She Left Nova Scotia, Sold Her Eggs, and Built a Film Career—Why Does It Take That?
- afternoonpint
- Apr 13
- 3 min read

Sonja O’Hara sits down with Afternoon Pint for a conversation that gets real, fast, about what it actually takes to build a career in film and television when you’re starting in a place like Nova Scotia. There’s a pattern here we don’t talk about enough: if you want to make it, you usually have to leave. In Sonja’s case, that meant going from Halifax to New York, then grinding her way into Los Angeles. And somewhere along that path, you’re not just chasing a dream—you’re figuring out how far you’re willing to go to stay in the game. Sometimes that includes selling your eggs to finance your first feature. That’s not a metaphor. That’s the reality.
Sonja is an Emmy-nominated writer, director, and actress, and she walks through how a horror limited series about a matriarchal cult became her foothold in the industry. It’s a practical breakdown of how this business actually works: awards create leverage, horror sells when nothing else will, and film festivals can change your life—if you know how to use them. But underneath it all is a bigger question: why does so much Canadian talent have to leave to get taken seriously in the first place? And what would it look like if we built an industry here that didn’t force that choice?
Her path wasn’t clean. It was visas, student debt, and the constant pressure that one wrong move could send her back home. She talks about the cost of American training, the mental toll of rejection, and even the strange technical side of acting—like learning to lose a Maritime accent just to book work. It becomes a conversation about identity: what you hold onto, what you adapt, and how you don’t lose yourself trying to fit into someone else’s version of “castable.”
There’s a turning point in the episode where it stops being about survival and starts being about control. Sonja credits advice from Faye Dunaway as the moment she realized no one was going to hand her a career—she had to build it herself. That meant writing, producing, directing, and getting comfortable asking for things most people are too afraid to ask for. Cold emails, constant follow-ups, protecting your voice while still taking feedback—it’s less romantic than people think, and a lot more strategic.
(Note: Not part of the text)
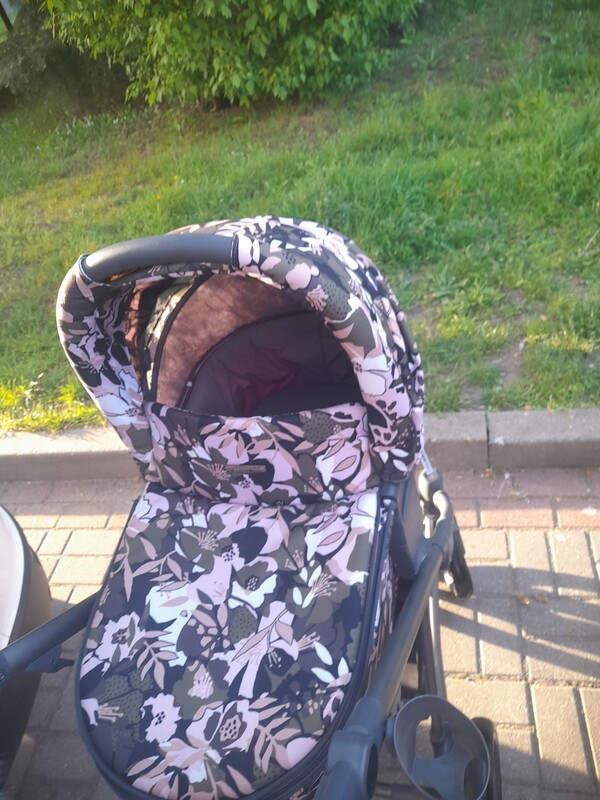 Elbląg Witam, sprzedam wozek dziecięcy Flavio Bebetto. W zestawie znajduje się gondola oraz spacerówka a także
Her first feature, Ovum, is where everything comes together. It’s personal, uncomfortable, and funded in a way that says a lot about the state of independent film. It’s also proof that if the system doesn’t have a place for your story, you either force your way in—or you build your own door.
The back half of the conversation gets into the machine itself. What it’s like directing at scale with a company like Lionsgate, how to lead a set, and how to earn trust quickly when you’re the one in charge. They dig into unions like SAG-AFTRA, the rules that keep people safe, and the trade-offs that sometimes come with that structure. There’s also a moment that perfectly sums up the industry: Sonja jokes about firing her own cat and replacing it with a “nepo cat.” It’s funny because it’s true.
What sticks with you is her mindset. This isn’t about waiting to be discovered. It’s about building something sustainable—balancing the art with the business, being careful how you show up publicly, and creating a career that can move between indie films, commercial work, and elevated horror without losing direction.
And it circles back to the same idea: we have world-class talent coming out of places like Nova Scotia. The question isn’t whether they can make it. It’s why they still have to leave to do it—and how much better things could be if they didn’t.